No Standard Oil: Managing Abundant Petroleum in a Warming World, by Deborah Gordon (Oxford University Press 2021, 368 pages, $39.95)
In No Standard Oil, Deborah Gordon shows that no two oils or gases are environmentally alike. Each has a distinct, quantifiable climate impact. While all pollute, some are much worse for the climate than others. In accessible language, Gordon explains the results of the Oil Climate Index Plus Gas, an open source model that estimates global oil and gas emissions. Gordon identifies the oils and gases that are the most harmful to the planet, and proposes innovative solutions to reduce their climate footprints. Climate stabilization cannot wait for oil and gas to run out. No Standard Oil shows how we can take practical steps to cut greenhouse gas emissions in the oil and gas sector while making sustainable progress in transitioning to a carbon-free future.
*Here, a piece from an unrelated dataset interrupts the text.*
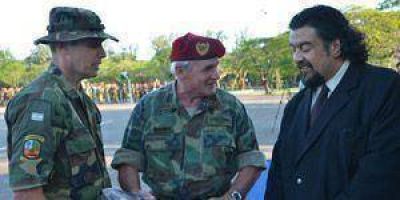  Formosa alberg� ejercicios de paracaidistas del Ej�rcito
Grand Transitions: How the Modern World Was Made, by Vaclav Smil (Oxford University Press 2021, 384 pages, $34.95)
What makes the modern world work? The answer to this deceptively simple question lies in four “grand transitions” of civilization: population, agriculture, energy, and economics. Vaclav Smil investigates the complex interactions of these transitions. He argues that the moral imperative to share modernity’s benefits has become more acute with increasing economic inequality, but addressing this imbalance would make it difficult to make the changes necessary for the long-term preservation of the environment. Thus, managing the fifth transition – the environmental changes that result from natural-resource depletion, biodiversity loss, and global warming – will determine the success or failure of the grand transitions that made the world we live in today.